7. There were no sob stories, just asking for some clarity on defining such emotive words as 'extortionate'. It's with an investor hat on.
You can see why savers are moving their money out of the bank in into buying property. I was at an open home today in the Wellington region and it was full of people who were looking for a rental, and discussing with the agent what types of rents were possible. The property was a townhouse and quite expensive, so not a typical rental, and had never been used for that purpose. But these low interest rates does seem to be turning more people into landlords. This makes it even harder for first home buyers.
If they want to increase inflation, why not rise the OCR, because that will force people to put their prices up.
Very right David. Thanks for bringing out the blatancy of profit retention at the cost of small businesses and the first home buyer.

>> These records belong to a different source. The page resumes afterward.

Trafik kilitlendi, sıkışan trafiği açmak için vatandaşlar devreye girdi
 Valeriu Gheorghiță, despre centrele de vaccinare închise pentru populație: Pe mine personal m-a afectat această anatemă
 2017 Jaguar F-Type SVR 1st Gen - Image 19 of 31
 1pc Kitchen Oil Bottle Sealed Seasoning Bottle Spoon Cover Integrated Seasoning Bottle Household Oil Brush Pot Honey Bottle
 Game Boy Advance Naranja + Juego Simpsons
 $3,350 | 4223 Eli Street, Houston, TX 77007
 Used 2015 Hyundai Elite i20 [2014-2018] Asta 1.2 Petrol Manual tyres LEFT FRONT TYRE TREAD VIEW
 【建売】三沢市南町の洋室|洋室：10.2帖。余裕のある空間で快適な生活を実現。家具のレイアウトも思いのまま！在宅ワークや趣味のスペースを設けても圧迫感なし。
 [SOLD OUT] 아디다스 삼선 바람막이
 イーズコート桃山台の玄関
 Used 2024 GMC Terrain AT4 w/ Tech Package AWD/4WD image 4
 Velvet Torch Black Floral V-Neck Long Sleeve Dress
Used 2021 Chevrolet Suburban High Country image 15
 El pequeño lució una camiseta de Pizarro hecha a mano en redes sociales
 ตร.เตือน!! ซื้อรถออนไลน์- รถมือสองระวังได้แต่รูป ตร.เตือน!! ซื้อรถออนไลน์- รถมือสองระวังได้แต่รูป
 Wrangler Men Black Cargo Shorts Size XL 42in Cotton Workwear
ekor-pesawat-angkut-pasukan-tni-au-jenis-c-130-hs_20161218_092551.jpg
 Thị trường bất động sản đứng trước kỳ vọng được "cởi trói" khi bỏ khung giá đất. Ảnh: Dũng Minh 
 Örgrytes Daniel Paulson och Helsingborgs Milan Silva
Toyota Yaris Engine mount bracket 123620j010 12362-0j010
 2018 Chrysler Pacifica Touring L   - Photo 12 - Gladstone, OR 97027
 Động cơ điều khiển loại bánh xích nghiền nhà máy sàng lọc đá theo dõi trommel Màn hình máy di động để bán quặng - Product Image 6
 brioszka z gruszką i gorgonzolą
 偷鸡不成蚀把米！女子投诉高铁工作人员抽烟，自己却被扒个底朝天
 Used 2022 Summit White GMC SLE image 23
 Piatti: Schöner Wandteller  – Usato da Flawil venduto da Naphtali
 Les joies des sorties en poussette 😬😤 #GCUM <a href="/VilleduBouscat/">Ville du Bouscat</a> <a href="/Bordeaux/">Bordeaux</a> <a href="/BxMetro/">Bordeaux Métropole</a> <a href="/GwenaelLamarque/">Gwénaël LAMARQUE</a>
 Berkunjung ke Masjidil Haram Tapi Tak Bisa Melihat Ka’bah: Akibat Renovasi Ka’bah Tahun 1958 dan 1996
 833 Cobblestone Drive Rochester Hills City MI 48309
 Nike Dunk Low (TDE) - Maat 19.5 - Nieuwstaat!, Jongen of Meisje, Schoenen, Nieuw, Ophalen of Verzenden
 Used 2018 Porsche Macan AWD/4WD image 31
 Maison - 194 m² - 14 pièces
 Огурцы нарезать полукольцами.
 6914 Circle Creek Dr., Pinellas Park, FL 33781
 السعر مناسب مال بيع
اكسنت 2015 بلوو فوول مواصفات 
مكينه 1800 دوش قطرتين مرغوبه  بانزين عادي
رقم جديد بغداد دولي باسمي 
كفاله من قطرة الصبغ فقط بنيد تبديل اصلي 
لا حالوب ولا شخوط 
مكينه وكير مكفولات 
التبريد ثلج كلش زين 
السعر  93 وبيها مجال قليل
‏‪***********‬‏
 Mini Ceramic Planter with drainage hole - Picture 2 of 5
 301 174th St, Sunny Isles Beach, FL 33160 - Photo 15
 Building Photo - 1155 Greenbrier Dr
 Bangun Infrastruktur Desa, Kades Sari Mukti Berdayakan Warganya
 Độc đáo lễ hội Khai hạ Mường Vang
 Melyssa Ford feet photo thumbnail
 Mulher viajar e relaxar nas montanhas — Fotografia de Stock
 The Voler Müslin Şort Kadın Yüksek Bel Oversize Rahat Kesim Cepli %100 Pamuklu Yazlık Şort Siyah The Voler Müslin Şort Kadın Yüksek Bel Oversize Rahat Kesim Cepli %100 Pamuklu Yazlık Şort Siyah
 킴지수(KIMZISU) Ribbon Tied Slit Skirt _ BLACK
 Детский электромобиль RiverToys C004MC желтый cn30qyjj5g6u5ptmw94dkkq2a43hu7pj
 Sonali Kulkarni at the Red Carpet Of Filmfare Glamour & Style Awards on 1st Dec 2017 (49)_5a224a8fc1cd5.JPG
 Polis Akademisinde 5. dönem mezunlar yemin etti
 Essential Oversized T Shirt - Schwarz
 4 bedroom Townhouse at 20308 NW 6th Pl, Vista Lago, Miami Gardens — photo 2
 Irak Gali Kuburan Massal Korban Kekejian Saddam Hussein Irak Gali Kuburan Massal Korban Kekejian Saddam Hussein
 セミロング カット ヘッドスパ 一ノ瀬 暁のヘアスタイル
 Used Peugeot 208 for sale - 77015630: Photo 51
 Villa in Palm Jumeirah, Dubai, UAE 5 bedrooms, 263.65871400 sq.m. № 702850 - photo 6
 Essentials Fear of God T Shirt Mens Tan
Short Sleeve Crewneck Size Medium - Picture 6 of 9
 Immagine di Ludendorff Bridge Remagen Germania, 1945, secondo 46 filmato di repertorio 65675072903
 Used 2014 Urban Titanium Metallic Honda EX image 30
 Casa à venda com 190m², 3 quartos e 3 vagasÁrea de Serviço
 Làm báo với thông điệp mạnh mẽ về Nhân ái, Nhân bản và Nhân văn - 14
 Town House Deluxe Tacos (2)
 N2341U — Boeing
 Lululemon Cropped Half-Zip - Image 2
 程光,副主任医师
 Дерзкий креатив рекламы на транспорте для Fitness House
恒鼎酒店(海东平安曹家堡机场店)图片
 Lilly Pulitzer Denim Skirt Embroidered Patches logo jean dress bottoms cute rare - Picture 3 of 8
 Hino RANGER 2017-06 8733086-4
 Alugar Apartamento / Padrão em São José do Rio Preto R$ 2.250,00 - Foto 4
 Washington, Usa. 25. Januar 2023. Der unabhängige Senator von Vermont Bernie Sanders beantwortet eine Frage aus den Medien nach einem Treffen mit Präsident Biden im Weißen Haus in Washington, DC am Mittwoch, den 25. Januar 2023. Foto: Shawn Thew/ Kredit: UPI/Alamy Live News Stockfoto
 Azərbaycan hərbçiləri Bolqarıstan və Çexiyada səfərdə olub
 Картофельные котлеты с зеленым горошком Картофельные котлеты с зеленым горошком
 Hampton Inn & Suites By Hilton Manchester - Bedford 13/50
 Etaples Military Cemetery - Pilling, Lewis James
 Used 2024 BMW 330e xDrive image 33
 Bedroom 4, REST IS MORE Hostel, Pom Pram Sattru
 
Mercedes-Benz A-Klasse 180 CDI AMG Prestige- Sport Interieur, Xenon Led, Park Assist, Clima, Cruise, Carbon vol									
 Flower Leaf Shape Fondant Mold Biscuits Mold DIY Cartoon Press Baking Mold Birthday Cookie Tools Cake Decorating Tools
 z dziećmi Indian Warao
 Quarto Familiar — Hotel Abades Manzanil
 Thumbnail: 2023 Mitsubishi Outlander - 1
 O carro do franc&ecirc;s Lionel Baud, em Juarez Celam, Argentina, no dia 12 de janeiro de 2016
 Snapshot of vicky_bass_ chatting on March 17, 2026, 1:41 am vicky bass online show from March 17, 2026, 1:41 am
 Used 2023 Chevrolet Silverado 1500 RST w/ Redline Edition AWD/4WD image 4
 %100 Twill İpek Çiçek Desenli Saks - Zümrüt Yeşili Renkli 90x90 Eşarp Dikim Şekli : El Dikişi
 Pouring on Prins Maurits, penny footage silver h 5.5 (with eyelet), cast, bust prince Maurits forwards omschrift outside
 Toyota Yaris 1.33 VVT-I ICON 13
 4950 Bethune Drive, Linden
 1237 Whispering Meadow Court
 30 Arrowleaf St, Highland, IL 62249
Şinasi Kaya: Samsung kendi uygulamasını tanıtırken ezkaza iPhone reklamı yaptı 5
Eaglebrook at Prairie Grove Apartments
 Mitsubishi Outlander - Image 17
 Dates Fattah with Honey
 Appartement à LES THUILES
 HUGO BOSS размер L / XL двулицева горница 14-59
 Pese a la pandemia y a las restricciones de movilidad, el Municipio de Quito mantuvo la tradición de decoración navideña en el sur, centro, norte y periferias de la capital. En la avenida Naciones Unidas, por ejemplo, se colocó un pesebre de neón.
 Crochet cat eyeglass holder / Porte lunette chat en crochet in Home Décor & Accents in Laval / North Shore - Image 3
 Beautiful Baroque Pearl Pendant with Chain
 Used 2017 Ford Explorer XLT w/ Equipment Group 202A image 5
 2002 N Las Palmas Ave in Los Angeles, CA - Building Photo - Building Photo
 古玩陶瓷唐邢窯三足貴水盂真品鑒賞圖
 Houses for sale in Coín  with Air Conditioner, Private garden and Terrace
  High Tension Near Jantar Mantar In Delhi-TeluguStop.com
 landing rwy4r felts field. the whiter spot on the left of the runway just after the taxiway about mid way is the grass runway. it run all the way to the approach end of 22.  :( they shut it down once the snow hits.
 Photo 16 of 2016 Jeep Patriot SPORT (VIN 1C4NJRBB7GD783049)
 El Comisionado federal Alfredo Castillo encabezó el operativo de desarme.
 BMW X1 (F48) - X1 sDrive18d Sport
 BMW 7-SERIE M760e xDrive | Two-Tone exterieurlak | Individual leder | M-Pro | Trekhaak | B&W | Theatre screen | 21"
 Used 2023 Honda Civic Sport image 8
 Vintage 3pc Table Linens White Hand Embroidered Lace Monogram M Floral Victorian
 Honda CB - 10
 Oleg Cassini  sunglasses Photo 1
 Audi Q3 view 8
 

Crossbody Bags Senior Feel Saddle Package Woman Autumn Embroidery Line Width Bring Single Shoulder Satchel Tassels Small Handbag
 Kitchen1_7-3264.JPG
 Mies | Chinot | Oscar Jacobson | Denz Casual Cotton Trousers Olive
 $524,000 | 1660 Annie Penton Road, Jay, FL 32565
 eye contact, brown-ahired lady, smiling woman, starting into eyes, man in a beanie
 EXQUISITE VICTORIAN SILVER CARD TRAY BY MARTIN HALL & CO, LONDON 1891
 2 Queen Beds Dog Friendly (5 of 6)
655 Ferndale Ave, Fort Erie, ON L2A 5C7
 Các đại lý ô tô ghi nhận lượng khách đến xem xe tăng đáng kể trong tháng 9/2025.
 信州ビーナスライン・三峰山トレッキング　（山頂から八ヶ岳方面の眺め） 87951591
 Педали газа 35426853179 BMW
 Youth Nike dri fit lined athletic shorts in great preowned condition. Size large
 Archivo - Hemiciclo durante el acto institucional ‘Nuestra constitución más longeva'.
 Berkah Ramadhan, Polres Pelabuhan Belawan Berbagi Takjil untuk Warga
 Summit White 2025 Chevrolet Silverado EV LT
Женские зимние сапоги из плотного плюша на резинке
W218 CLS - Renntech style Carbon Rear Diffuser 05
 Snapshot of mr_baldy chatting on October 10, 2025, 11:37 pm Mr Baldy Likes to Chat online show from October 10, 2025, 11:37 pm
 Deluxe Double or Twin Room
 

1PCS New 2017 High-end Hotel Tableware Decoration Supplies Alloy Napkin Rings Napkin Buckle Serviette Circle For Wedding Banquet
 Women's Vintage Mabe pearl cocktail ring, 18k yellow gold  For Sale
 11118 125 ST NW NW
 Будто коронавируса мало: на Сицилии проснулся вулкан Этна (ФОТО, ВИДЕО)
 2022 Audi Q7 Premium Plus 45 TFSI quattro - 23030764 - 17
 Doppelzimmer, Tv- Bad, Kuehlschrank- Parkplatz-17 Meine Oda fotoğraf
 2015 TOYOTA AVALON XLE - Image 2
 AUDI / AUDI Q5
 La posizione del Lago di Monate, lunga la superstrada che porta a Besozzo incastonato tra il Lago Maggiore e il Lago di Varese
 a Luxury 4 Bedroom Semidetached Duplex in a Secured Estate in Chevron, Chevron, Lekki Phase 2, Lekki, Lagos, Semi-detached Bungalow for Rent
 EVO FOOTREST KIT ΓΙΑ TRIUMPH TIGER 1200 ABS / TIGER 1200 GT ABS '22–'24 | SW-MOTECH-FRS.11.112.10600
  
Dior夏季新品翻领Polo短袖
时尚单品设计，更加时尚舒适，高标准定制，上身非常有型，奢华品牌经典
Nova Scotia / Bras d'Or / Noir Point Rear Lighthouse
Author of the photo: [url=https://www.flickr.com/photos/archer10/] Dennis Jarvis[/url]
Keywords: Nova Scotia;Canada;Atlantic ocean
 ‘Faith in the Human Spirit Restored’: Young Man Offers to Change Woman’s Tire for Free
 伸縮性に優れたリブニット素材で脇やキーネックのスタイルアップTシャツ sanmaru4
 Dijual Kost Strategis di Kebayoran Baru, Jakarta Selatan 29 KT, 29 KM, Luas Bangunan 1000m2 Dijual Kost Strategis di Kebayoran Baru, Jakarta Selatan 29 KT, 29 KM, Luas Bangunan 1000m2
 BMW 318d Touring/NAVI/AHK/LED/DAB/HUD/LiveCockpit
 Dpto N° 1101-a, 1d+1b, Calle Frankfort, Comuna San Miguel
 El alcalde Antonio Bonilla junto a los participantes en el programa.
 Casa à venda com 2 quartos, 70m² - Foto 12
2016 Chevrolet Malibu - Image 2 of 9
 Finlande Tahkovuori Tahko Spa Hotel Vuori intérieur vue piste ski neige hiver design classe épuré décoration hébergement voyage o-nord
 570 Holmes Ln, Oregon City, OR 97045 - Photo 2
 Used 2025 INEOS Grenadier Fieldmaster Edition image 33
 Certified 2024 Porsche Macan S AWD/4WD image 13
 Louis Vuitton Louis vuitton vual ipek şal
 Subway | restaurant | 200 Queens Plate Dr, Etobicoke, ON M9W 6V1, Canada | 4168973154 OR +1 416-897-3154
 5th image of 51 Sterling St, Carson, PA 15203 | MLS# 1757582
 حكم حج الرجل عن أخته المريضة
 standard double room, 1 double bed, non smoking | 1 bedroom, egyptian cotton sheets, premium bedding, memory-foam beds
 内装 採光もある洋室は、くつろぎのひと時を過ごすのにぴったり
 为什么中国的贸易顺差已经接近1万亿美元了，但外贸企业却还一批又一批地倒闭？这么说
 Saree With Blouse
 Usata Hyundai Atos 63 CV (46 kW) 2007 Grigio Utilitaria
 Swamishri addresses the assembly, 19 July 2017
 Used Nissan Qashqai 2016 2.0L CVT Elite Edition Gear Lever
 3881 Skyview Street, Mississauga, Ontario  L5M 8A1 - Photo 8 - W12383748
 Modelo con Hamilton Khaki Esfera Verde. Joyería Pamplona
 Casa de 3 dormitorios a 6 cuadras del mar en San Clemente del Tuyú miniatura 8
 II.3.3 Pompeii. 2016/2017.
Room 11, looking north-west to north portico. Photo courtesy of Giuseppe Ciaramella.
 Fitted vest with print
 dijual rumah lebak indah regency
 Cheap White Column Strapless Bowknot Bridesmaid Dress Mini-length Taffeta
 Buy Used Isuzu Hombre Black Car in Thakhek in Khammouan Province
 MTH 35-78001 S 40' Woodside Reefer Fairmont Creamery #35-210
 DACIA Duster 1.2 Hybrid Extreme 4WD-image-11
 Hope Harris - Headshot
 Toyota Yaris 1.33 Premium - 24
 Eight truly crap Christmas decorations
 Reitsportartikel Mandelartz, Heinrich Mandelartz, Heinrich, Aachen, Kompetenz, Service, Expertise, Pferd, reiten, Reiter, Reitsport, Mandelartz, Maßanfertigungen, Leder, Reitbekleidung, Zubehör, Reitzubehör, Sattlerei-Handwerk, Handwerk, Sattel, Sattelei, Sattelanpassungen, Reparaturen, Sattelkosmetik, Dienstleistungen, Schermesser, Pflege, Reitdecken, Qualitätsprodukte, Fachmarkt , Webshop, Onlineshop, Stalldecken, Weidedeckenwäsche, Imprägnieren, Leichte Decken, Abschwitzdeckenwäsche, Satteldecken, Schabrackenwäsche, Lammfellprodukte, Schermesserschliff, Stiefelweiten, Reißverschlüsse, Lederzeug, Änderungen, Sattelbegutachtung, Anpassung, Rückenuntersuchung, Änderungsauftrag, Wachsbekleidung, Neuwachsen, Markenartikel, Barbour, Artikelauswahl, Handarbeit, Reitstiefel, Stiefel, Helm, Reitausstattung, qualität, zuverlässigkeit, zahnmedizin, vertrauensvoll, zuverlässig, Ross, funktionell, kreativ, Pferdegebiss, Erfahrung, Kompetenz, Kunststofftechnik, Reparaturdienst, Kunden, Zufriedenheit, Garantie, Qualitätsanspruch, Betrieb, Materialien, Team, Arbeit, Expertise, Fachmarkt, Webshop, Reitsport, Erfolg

A case in point is the $908m annual profit recorded by a leading bank.
Kudos to KIWIBank on passing on most of the OCR reduction benefits to the borrowers.
The problem is, that is their carded rates. What people actually pay is often different. They may increase discounts rather than lower their carded rate. It gives them a way of targeting good customers. My experience has been that Kiwibank don't discount as much as the others. A low carded rate doesn't mean lower rates actually being paid. ASB just extended my 0.50% off floating discount for another 2 years. I never got anything off floating when I was with Kiwibank.